McDuff also draws his music from some interesting sources. Three of the tunes on the album ("Dink's Blues" (a traditional blues here credited to McDuff),  "Blues and Tonic," "Whap!") are McDuff originals. Of the other three:

  • Henry Mancini was becoming one of the hottest composers around, having brought jazz to network TV with Peter Gunn. His theme for another TV show featuring a suave crime-solver, Mr. Lucky, never quite achieved the ubiquity of the Peter Gunn theme, but it was Mancini, and it got its share of interpretations, from the Dixieland of Jimmy and Marian McPartland, to the Latin rhythms of Jack Costanzo (mambo) and Laurindo Almeida and Mancini himself (Mr. Lucky Goes Latin), to the hard bop of Donald Byrd and Pepper Adams (with a young Herbie Hancock). It fits nicely into the soul jazz idiom too, though with the typical organ combo lineup of no bass it's hard to exactly duplicate the Mancini walking bass.

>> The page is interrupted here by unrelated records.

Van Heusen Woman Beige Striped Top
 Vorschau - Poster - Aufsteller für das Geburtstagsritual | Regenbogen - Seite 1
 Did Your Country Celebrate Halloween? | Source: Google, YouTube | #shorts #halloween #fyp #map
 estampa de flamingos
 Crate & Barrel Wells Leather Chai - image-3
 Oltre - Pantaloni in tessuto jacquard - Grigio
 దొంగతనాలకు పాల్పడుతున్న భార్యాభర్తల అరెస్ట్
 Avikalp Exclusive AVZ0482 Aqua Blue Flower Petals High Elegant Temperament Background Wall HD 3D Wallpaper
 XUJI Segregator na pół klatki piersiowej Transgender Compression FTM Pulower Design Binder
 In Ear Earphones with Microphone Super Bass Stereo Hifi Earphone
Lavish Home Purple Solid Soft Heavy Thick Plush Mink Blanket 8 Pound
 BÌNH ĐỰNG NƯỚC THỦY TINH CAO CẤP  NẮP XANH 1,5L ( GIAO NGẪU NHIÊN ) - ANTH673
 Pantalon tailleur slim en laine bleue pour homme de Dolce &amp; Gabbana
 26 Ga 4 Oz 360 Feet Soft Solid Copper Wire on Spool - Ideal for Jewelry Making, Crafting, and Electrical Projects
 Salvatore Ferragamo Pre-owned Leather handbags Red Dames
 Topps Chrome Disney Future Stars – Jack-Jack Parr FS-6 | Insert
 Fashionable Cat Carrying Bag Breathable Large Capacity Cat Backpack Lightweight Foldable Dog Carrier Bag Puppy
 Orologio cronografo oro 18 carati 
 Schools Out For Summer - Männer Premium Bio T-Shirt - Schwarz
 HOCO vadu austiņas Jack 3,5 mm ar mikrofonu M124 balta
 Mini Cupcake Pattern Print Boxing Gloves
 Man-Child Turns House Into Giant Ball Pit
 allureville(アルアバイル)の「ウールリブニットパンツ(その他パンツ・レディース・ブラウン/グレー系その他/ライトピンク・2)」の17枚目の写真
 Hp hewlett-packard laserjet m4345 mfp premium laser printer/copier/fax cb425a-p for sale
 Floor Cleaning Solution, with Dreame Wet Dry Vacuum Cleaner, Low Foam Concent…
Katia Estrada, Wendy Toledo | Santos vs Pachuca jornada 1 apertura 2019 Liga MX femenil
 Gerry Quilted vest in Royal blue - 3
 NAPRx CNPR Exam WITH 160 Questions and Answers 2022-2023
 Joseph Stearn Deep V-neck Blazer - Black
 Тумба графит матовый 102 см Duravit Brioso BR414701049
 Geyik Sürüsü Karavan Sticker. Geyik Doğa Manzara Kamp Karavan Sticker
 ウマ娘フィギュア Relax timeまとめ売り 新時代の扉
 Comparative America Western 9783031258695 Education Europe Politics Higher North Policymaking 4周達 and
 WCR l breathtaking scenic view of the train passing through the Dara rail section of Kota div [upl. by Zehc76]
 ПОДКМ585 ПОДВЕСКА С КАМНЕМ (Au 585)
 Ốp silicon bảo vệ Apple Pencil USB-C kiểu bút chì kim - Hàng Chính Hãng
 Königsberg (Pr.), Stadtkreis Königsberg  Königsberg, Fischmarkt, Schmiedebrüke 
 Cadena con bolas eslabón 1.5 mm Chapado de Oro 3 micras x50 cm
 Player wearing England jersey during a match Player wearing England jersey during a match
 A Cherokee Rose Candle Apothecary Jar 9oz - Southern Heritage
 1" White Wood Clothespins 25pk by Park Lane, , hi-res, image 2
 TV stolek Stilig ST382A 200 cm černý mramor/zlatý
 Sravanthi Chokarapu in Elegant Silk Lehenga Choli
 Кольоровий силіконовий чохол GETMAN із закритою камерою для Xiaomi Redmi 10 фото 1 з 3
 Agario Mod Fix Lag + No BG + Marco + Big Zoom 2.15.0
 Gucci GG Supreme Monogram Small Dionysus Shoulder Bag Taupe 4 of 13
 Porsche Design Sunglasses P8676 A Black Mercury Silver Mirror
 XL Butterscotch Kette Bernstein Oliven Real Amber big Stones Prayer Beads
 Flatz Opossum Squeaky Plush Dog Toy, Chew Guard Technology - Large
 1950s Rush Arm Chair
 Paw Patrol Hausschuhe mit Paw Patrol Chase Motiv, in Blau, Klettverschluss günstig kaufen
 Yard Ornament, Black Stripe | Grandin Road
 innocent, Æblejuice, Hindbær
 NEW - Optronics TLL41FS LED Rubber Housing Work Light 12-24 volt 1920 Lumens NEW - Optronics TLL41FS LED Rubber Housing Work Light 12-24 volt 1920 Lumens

  • "The Honeydripper" was written and performed by rhythm and blues pioneer Joe Liggins. It
    was a huge hit for him on the race charts in 1945-46,  and it spawned a number of first-rate covers, mostly by blues and rhythm and blues artists. Not so much in the jazz field, although you'd think it would have been a natural for soul jazz artists. But Cab Calloway did record it in 1946, and Oscar Peterson in 1963. On this one, McDuff really does carry the walking bass part on his organ.
  • "I Want a Little Girl" was first recorded in 1930 by McKinney's Cotton Pickers. It was written by Murray Mencher and Billy Moll, two gentlemen with whom you really would not associate the authorship of a blues standard. Mencher is best known for "Merrily We Roll Along," the theme music for the Merrie Melodies cartoons, and Moll for "I Scream, You Scream, We All Scream for Ice Cream."  The song lay dormant for a decade, had a couple of covers in the 1940s, including one by Jay McShann. In 1955 it was picked up as "I Want a Little Boy" by Kay Starr, a big band singer trying her best to stay relevant in the rock and roll era.  That wouldn't seem to be an auspicious comeback for a song with ambitions to be a blues classic, but then in 1956 and 1957 it was recorded by two of Atlantic's greatest blues singers, Joe Turner and Ray Charles, and those gave it thoroughly hip credentials. McDuff's was actually not the first jazz organ version of the tune: rhythm and blues bandleader Doc Bagby had done it in 1955.  McDuff, Forrest, Green and Dixon do a great rendition, probably my favorite cut on the album.
Esmond Edwards produced. The Honeydripper was the title of the album, and given how huge a hit the title song had once been on 78 RPM, it was chosen as a two-sided 45 RPM single.